Modi’s Aim Isn’t to Pay Tribute to Netaji and the INA But to Put Mahatma Gandhi in His Place

The central figure of the national movement was the man assassinated on January 30, 1948 precisely because he was the central figure. It was the first act in a brazen conspiracy to appropriate the freedom movement by forces who played no part in it. We are seeing the second and third acts now.

There is a species of middle class Indian who has never quite gotten over the feeling that we got our independence too cheaply. Ahimsa does not quite make the grade with them – they would rather that Indians had fought it out with guns and bombs to overthrow the British.

This is the mind-set which is now seeking to elevate the role of the Indian National Army in India’s freedom struggle.

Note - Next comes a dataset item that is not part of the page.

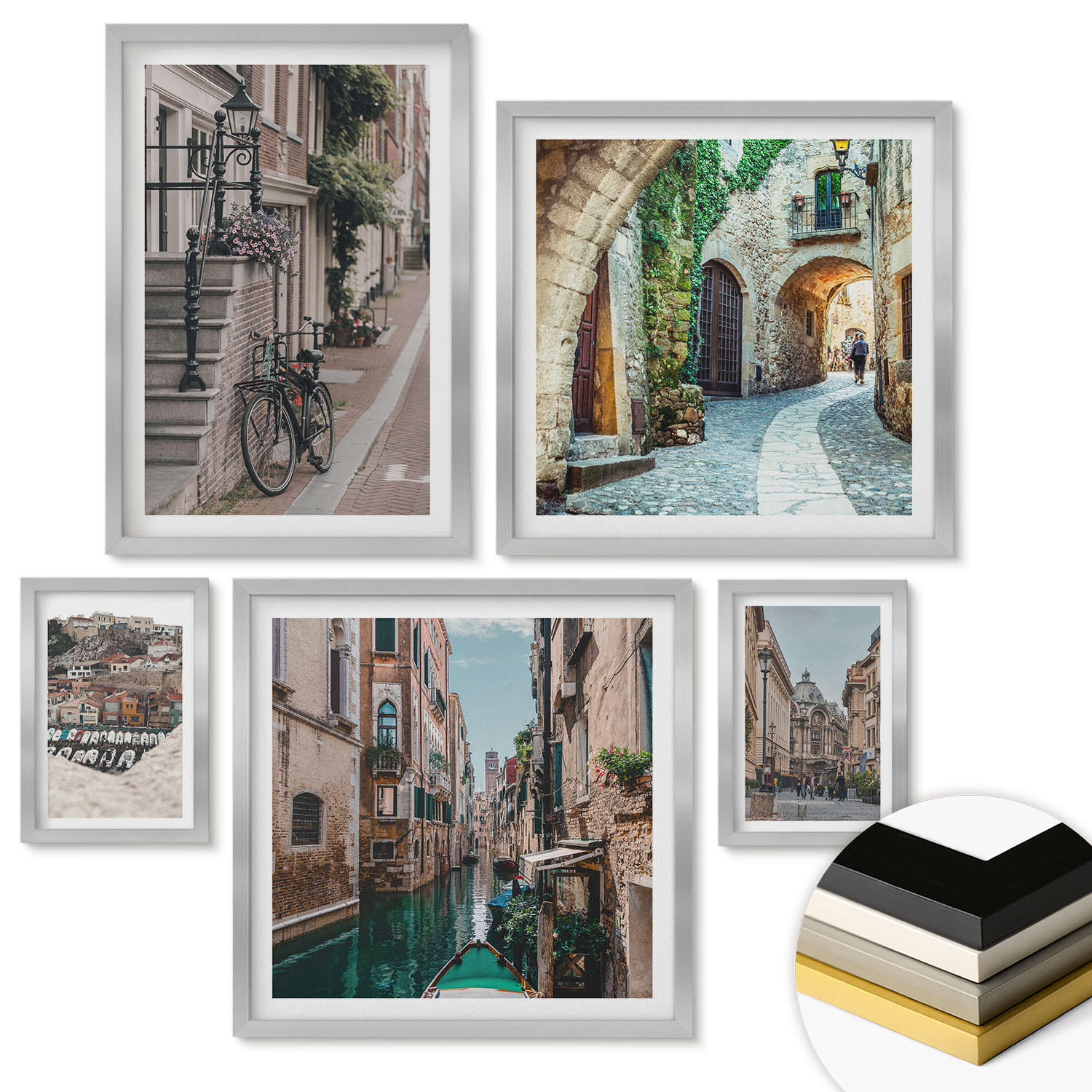 ArtPrintCave Wandbilder Silber 40x60 cm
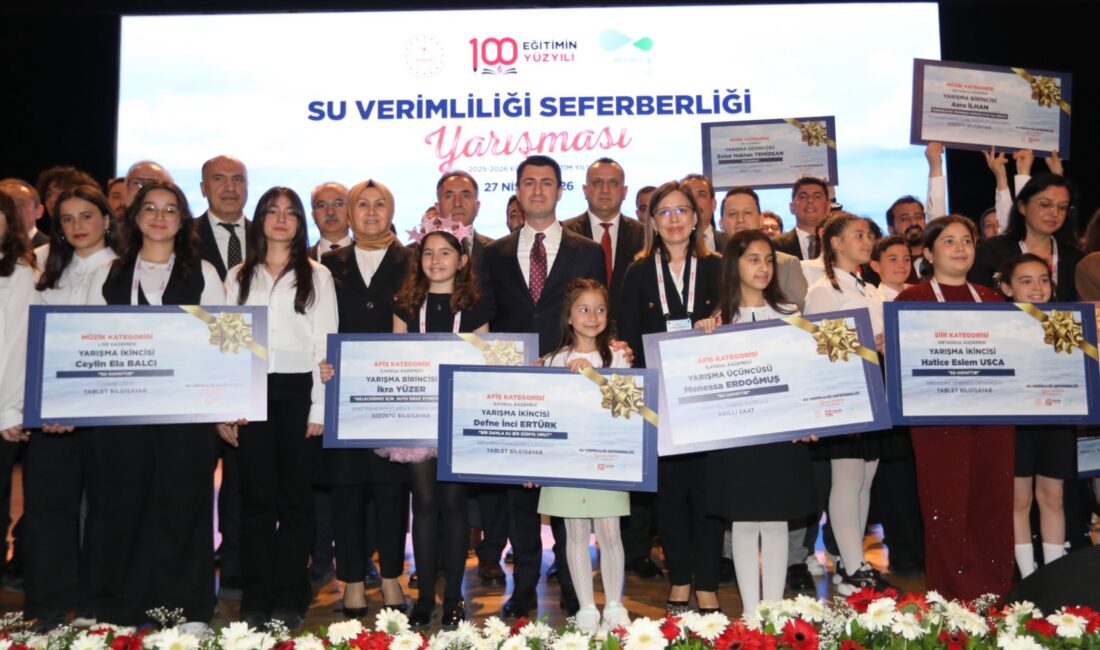 Su Verimliliği Seferberliği Yarışması’nda Ödüller Sahiplerini Buldu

The man who led the struggle, Subhas Chandra Bose, is one of the towering leaders of our independence movement, who along with equally tall figures helped shaped the circumstances in which the British finally departed, albeit peacefully. But in the end, Bose’s effort to liberate India through the instrument of war failed.

There are  nations which got their independence through  armed struggle, but they have also paid a terrible price. According to Rana Mitter, some 14 million Chinese died in the 1937-1945 war against Japan.  A million plus people died in Vietnam from 1955 to 1975. The Algerian freedom movement (1954-62) saw  some 0.5 to 1.5  million people killed in a population of 8 million. The estimates for Bangladesh’s struggle in 1975  go anywhere from 300,000-500,00, though what the figure would have been, if a neighbouring army had not intervened, is difficult to say.

These deaths were violent, sometimes accompanied by starvation,  torture and rape and the deep scars of that experience have not gone away. To escape such a fate – on top of all the suffering the people had endured because of colonialism – was a special blessing for India. And this was as much due to the Mahatma’s ahimsa strategy, as the British realisation after the war that they were not in a position to either control the country or indefinitely repress its people.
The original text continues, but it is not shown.